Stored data
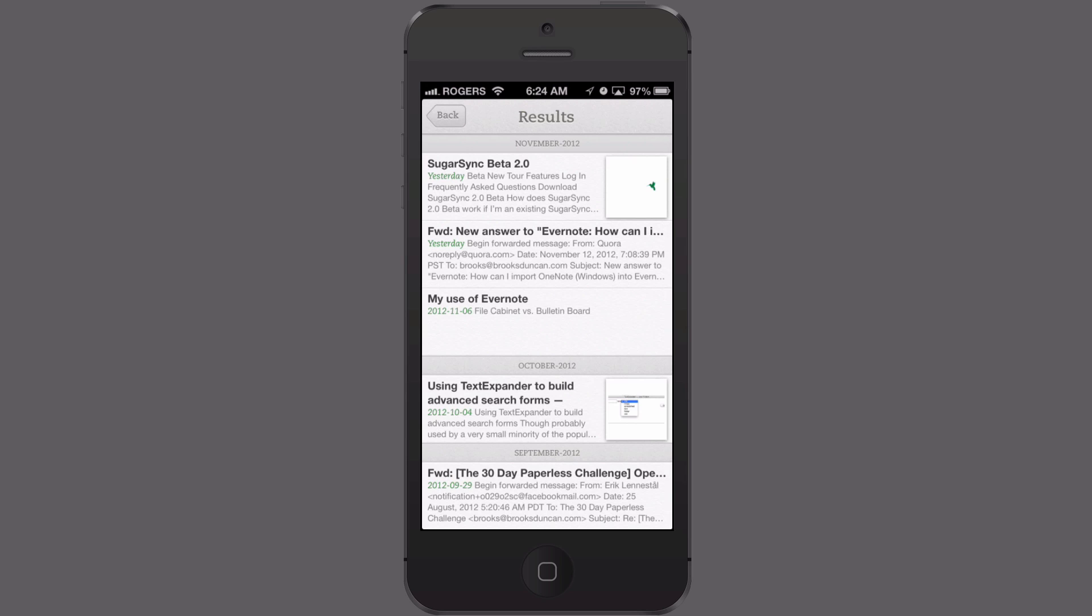So there's how to find saved searches on Evernote for iPhone and iPad. For more going paperless tips head on over to documentsnap.com. Thanks!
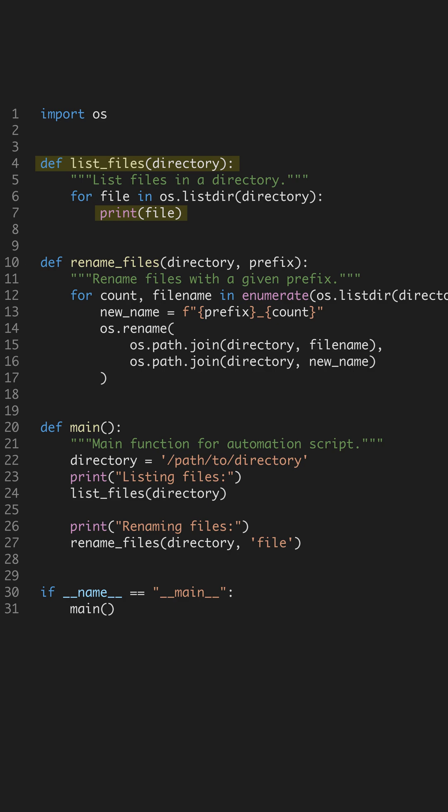Our first function, listFiles, takes a directory path as an argument. It uses the os.listDir method to retrieve all file names in that directory. This is a straightforward way to see all your files without manually checking each time.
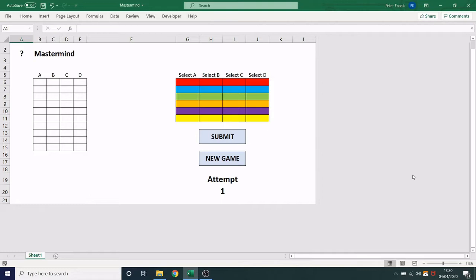Now a color can appear more than once in the code and your job is to find those four colors in the right order, and you do this by entering your guesses. So here I've got my guesses and here I have the colors that I'm going to choose.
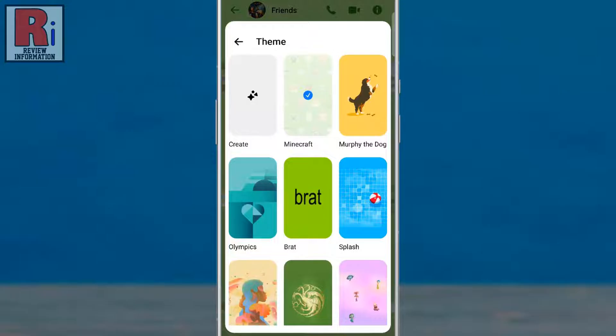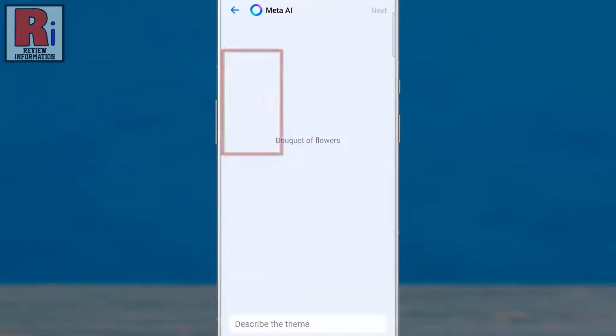In the top left corner of the menu, you will see a new Create option. If this option isn't visible, you will need to update your Messenger app. Now tap on it.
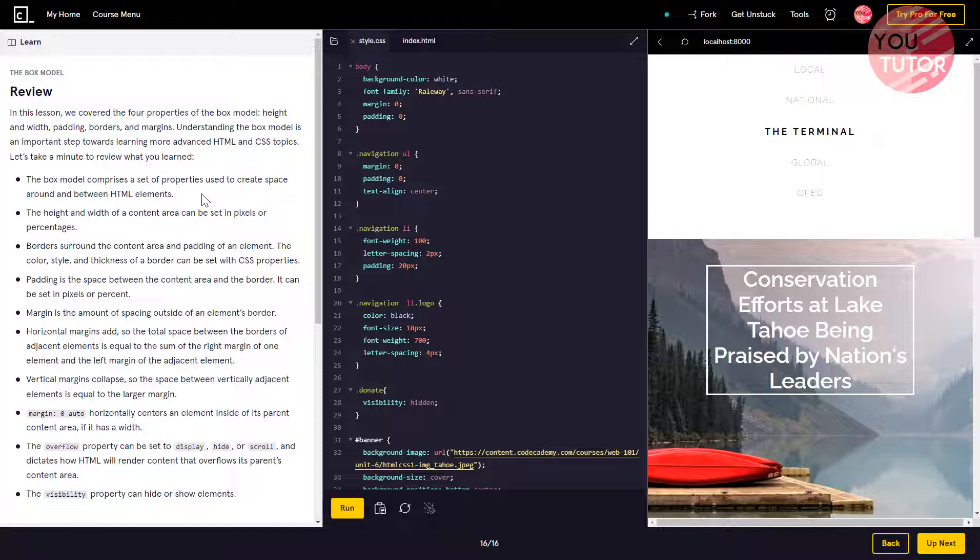Horizontal margins add, so the total space between the borders of adjacent elements is equal to the sum of the right margin of one element and the left margin of the adjacent element. Vertical margins collapse, so the space between vertically adjacent elements is equal to the larger margin.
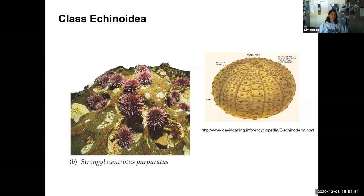Sand dollars usually burrow in the sand and feed on particulate matter. They're sold in stores and people like to collect them on the beach, but make sure it isn't living — otherwise leave it on the beach.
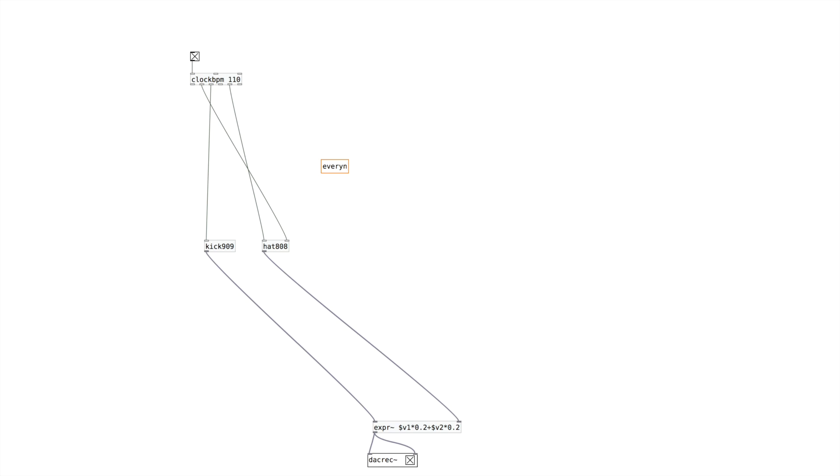If we want to get a little more complex, next I'm going to show this called EveryN. What it does is we hook a clock up to it, and for every N clock signals it outputs a bang. So for example, if I say 5 and put this up here, it will pass every 5th 16th note in this case.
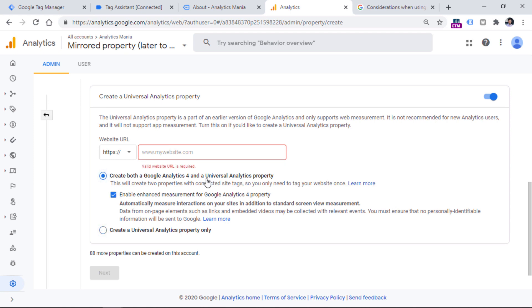If you want to create both Universal Analytics and GA4 property, you should choose this option. And also if you want to automatically enable the enhanced measurement feature, this means that the GA4 property will be tracking things like file downloads, outbound link clicks, scrolling and some other events, then you should keep this checkbox enabled right here.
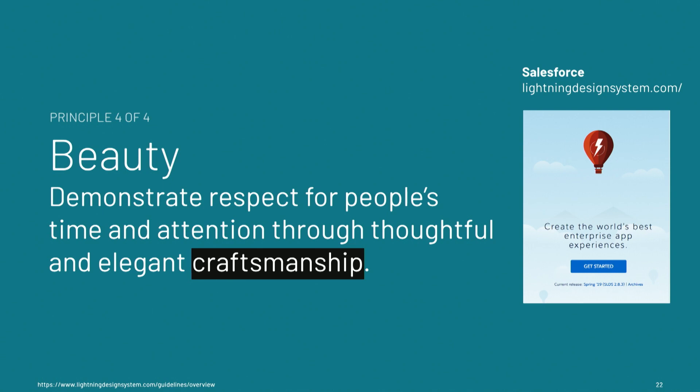We'll hear from someone who participated in the Salesforce Lightning Design System, where they have principles by which they created the system that serves everyone. And my favorite has always been the fourth. And I've always been uncomfortable with this because I'm not like a beauty person. That's not part of my core language. But craftsmanship is. And when you make things with a high level of craft, you're demonstrating a respect for people's time and intention through your thoughtful and elegant craftsmanship.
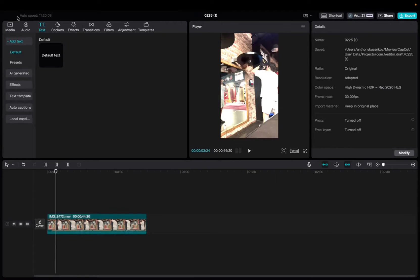Welcome back to 8482 Media. Today, I'm going to quickly show you guys how to add the anime AI voice in CapCut.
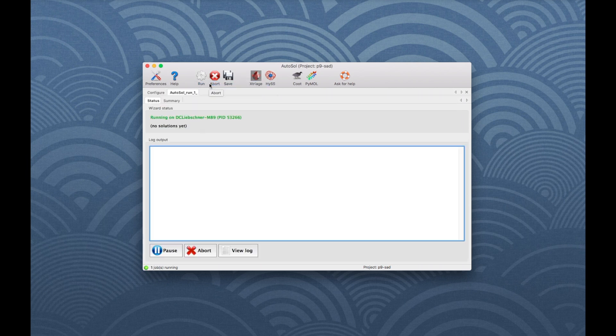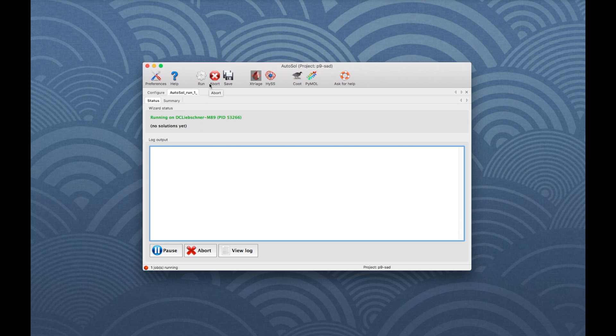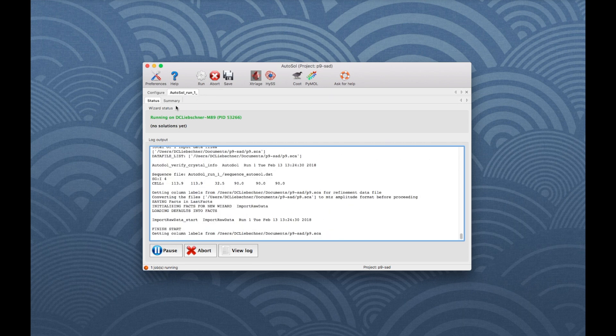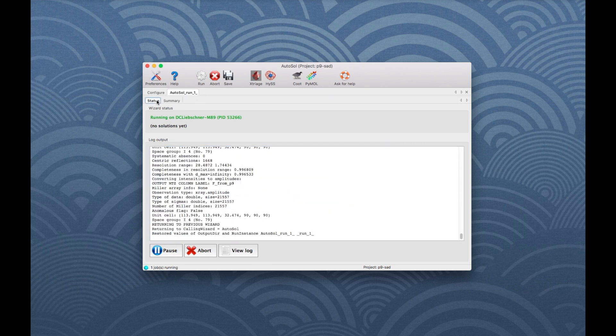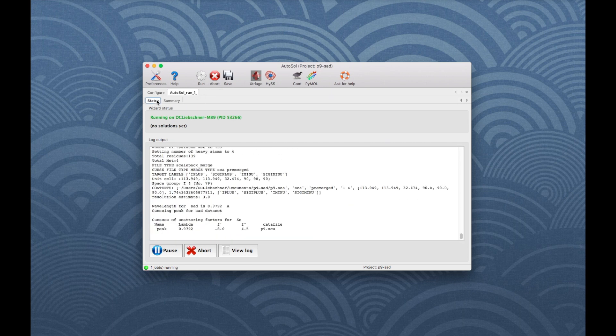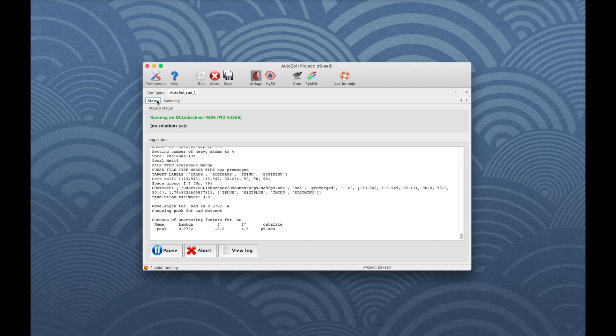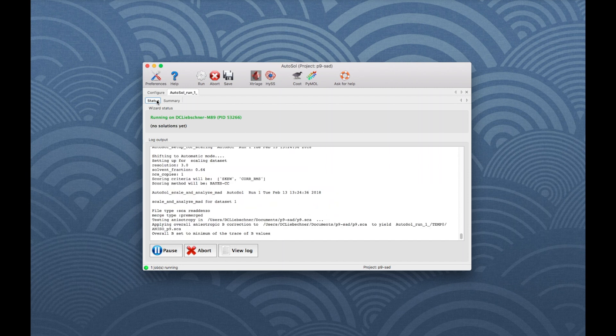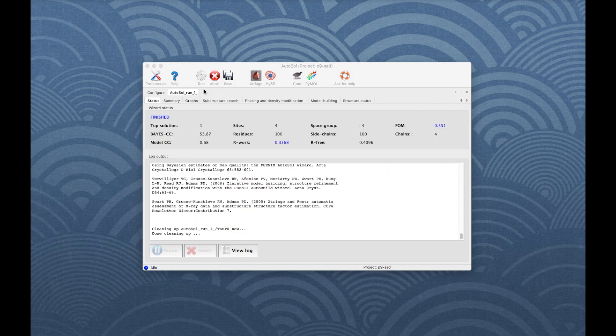A new tab, labeled Run 1, will appear next to the Configure tab. The Status tab on the left shows what is happening now. More tabs will appear while the program is running and they will be constantly updated. Let's have a look through some of the tabs of the finished AutoSol run.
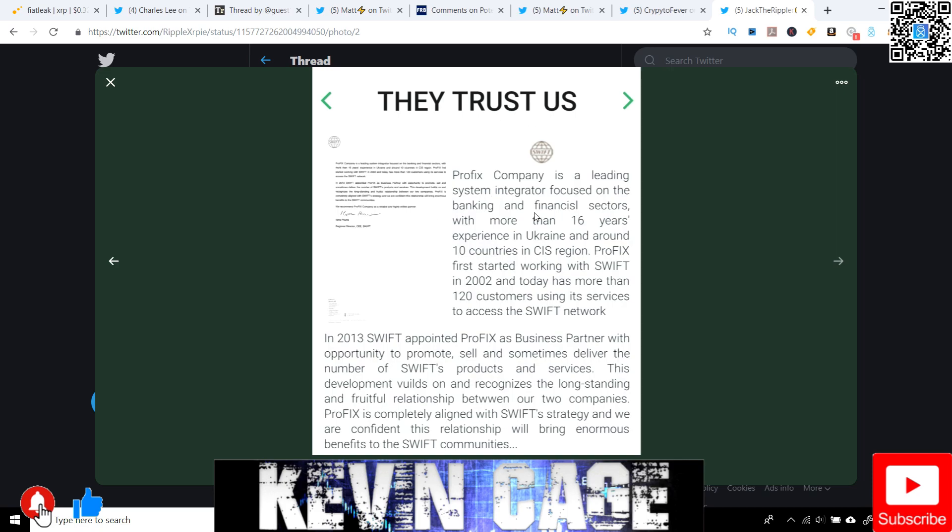Also, Profix employees have extensive experience in the creation of complex reports for various purposes by the means of standard mechanisms of Temenos T24, Enquiry, and CRF. They trust us. So this Profix company, more than 16 years experience, 10 countries, more than 120 customers using its services to access the Swift network. And again, in 2013, Swift appointed Profix as business partner with opportunity to promote, sell, and sometimes deliver the number of Swift products and services. Again, Profix is completely aligned with Swift strategy and we are confident this relationship will bring enormous benefits to Swift, to the Swift communities.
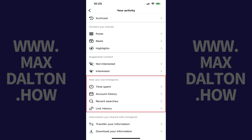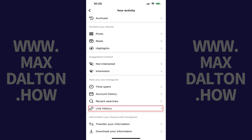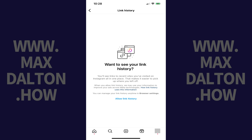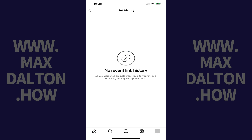Step 4: Scroll down to the How You Use Instagram section and then tap Link History in this section. You'll land on the Instagram Link History screen. Step 5: Tap Allow Link History. Going forward, all of the links you visit through Instagram will be visible in this section for 30 days.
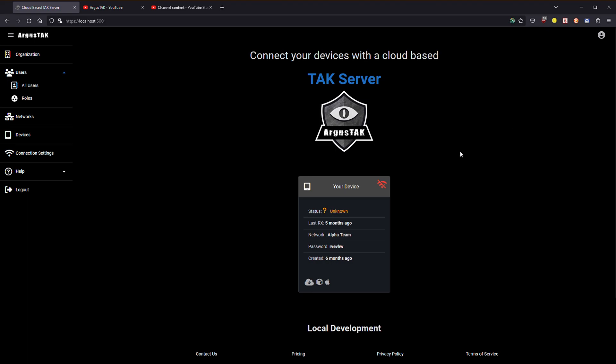Hello and thank you for choosing ArgusTAC, a secure cloud-based TAC server. In this video I'm going to go over network certificates.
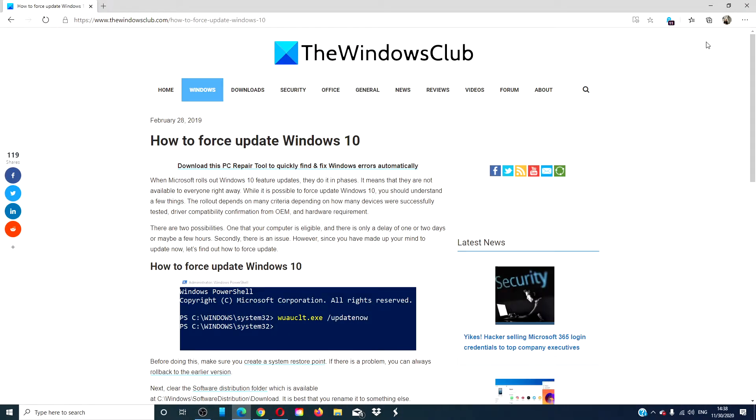Hello Windows Universe! In this video, we will look at how you can force update in Windows 10.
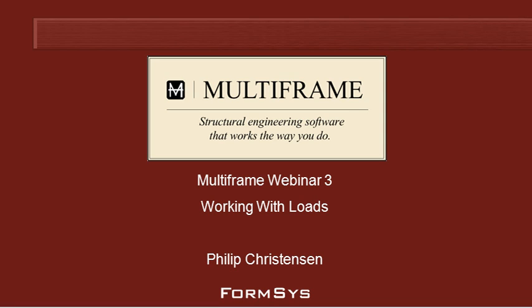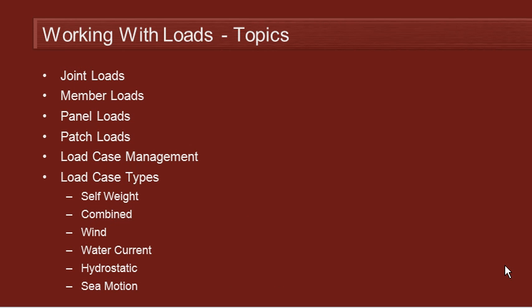Hello and welcome to Multiframe webinar 3 video 1 on working with loads. Let's start by looking at the topics we're going to cover in this webinar 3 video series.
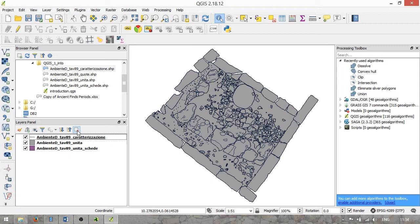We have our browser panel, layers panel, and to the right we have our processing toolbox. This is similar to the ArcGIS ArcToolbox and basically gives you access to all the tools and instruments to manipulate your data with. These are basically all algorithms — geo-algorithms that work somehow with your spatial data.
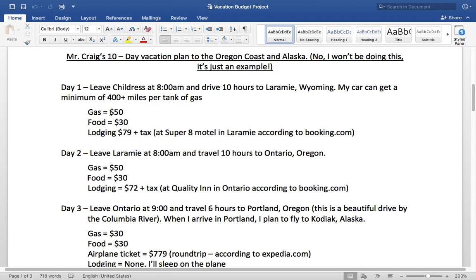I figured out the gas is going to cost me about $50 for the day. I can go about 400-plus miles on a tank of gas, and right now gas prices are kind of cheap. My car will actually go 400 to 500 miles on a tank of gas, but I'll plan on $50 for gas. I'm going to be spending most of my time on the road, so I'll just grab fast food or stop at a convenience store — spending no more than $30 on food that day. Then lodging is $79 plus tax.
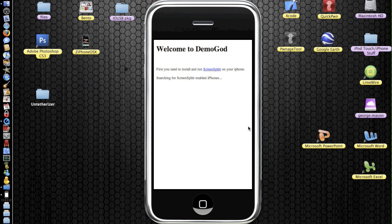So the application is called Demogod and it immediately comes up with this message saying that you need to install and run screen splitter onto your device.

> _Exercise aim_: With the pictures set aside, repeat every entry above exactly.

> _Answer section_:
So there's how to find saved searches on Evernote for iPhone and iPad. For more going paperless tips head on over to documentsnap.com. Thanks!
Our first function, listFiles, takes a directory path as an argument. It uses the os.listDir method to retrieve all file names in that directory. This is a straightforward way to see all your files without manually checking each time.
Now a color can appear more than once in the code and your job is to find those four colors in the right order, and you do this by entering your guesses. So here I've got my guesses and here I have the colors that I'm going to choose.
In the top left corner of the menu, you will see a new Create option. If this option isn't visible, you will need to update your Messenger app. Now tap on it.
Horizontal margins add, so the total space between the borders of adjacent elements is equal to the sum of the right margin of one element and the left margin of the adjacent element. Vertical margins collapse, so the space between vertically adjacent elements is equal to the larger margin.
Sand dollars usually burrow in the sand and feed on particulate matter. They're sold in stores and people like to collect them on the beach, but make sure it isn't living — otherwise leave it on the beach.
If we want to get a little more complex, next I'm going to show this called EveryN. What it does is we hook a clock up to it, and for every N clock signals it outputs a bang. So for example, if I say 5 and put this up here, it will pass every 5th 16th note in this case.
If you want to create both Universal Analytics and GA4 property, you should choose this option. And also if you want to automatically enable the enhanced measurement feature, this means that the GA4 property will be tracking things like file downloads, outbound link clicks, scrolling and some other events, then you should keep this checkbox enabled right here.
We'll hear from someone who participated in the Salesforce Lightning Design System, where they have principles by which they created the system that serves everyone. And my favorite has always been the fourth. And I've always been uncomfortable with this because I'm not like a beauty person. That's not part of my core language. But craftsmanship is. And when you make things with a high level of craft, you're demonstrating a respect for people's time and intention through your thoughtful and elegant craftsmanship.
Welcome back to 8482 Media. Today, I'm going to quickly show you guys how to add the anime AI voice in CapCut.
A new tab, labeled Run 1, will appear next to the Configure tab. The Status tab on the left shows what is happening now. More tabs will appear while the program is running and they will be constantly updated. Let's have a look through some of the tabs of the finished AutoSol run.
Also, Profix employees have extensive experience in the creation of complex reports for various purposes by the means of standard mechanisms of Temenos T24, Enquiry, and CRF. They trust us. So this Profix company, more than 16 years experience, 10 countries, more than 120 customers using its services to access the Swift network. And again, in 2013, Swift appointed Profix as business partner with opportunity to promote, sell, and sometimes deliver the number of Swift products and services. Again, Profix is completely aligned with Swift strategy and we are confident this relationship will bring enormous benefits to Swift, to the Swift communities.
Step 4: Scroll down to the How You Use Instagram section and then tap Link History in this section. You'll land on the Instagram Link History screen. Step 5: Tap Allow Link History. Going forward, all of the links you visit through Instagram will be visible in this section for 30 days.
Hello and thank you for choosing ArgusTAC, a secure cloud-based TAC server. In this video I'm going to go over network certificates.
Hello Windows Universe! In this video, we will look at how you can force update in Windows 10.
Hello and welcome to Multiframe webinar 3 video 1 on working with loads. Let's start by looking at the topics we're going to cover in this webinar 3 video series.
We have our browser panel, layers panel, and to the right we have our processing toolbox. This is similar to the ArcGIS ArcToolbox and basically gives you access to all the tools and instruments to manipulate your data with. These are basically all algorithms — geo-algorithms that work somehow with your spatial data.
I figured out the gas is going to cost me about $50 for the day. I can go about 400-plus miles on a tank of gas, and right now gas prices are kind of cheap. My car will actually go 400 to 500 miles on a tank of gas, but I'll plan on $50 for gas. I'm going to be spending most of my time on the road, so I'll just grab fast food or stop at a convenience store — spending no more than $30 on food that day. Then lodging is $79 plus tax.
So the application is called Demogod and it immediately comes up with this message saying that you need to install and run screen splitter onto your device.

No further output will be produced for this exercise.